Stateside, the press reaction was more cautious. Keay Davidson, a science writer for the San Francisco Chronicle, largely downplayed the story: "A Pentagon-commissioned report by two Bay Area futurologists has sparked an international brouhaha over possible climate change disasters. But both the authors and military officials say the study has been largely misconstrued by the media and environmentalists."
And this: "One big problem: both the Emeryville futurologists and Pentagon officials stress the report's scary-sounding projections are highly improbable and extremely unlikely, as Schwartz said Tuesday. Singling out The Observer for criticism, Schwartz emphasized the report is "not a suppressed secret report, it is not a prediction of imminent (doom). . . . They got it all wrong."
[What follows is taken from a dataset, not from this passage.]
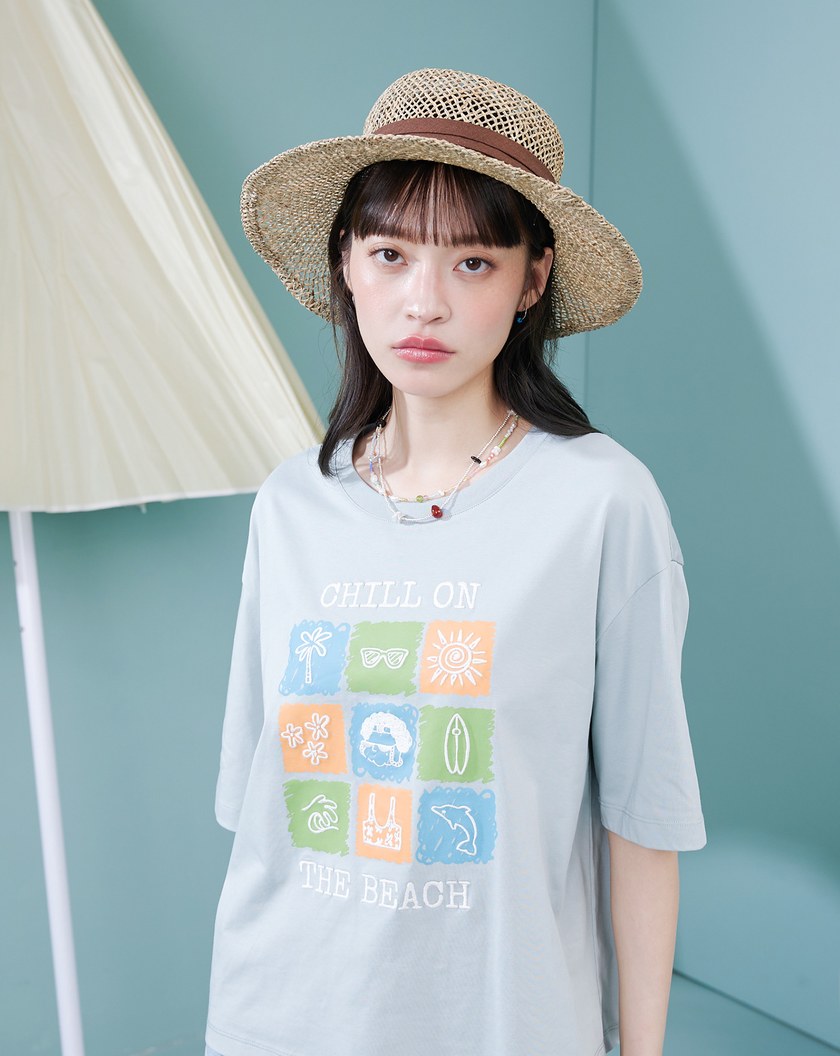 夏日連連看5分袖涼感T恤(兩色)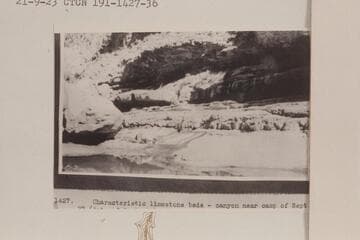 Characteristic limestone beds.  In mouth of Clearwater Canyon at Mile 191.9, right bank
The New York Times stayed above the fray, relying on an Associated Press story for its coverage. That story was fairly neutral, but it did include the following: "Still, the authors Peter Schwartz and Doug Randall, said their scenario was 'not implausible' and would challenge U.S. national security in ways that should be considered immediately... Schwartz and Randall asserted the plausibility of severe and rapid climate change is higher than most scientists and nearly all politicians think. They also concluded it could happen sooner than generally believed... This report suggests that because of the potentially dire consequences, the risk of abrupt climate change -- although uncertain and quite possibly small -- should be elevated beyond a scientific debate to a U.S. national security concern," they wrote.
We here at Tom's Turn do not claim any special expertise in these matters but hope that wiser heads will be thorough and honest in their evaluation of the study. One cannot help but be a bit concerned by a scathing report issued recently by the Union of Concerned Scientists and endorsed by 60 scientists, including 20 Nobel laureates. That report, in the words of The New York Times, charges that the "administration repeatedly censors and suppresses reports by its own scientists, stacks advisory committees with unqualified political appointees, disbands government panels that provide unwanted advice and refuses to seek independent scientific expertise in some cases," hardly a cause for confidence.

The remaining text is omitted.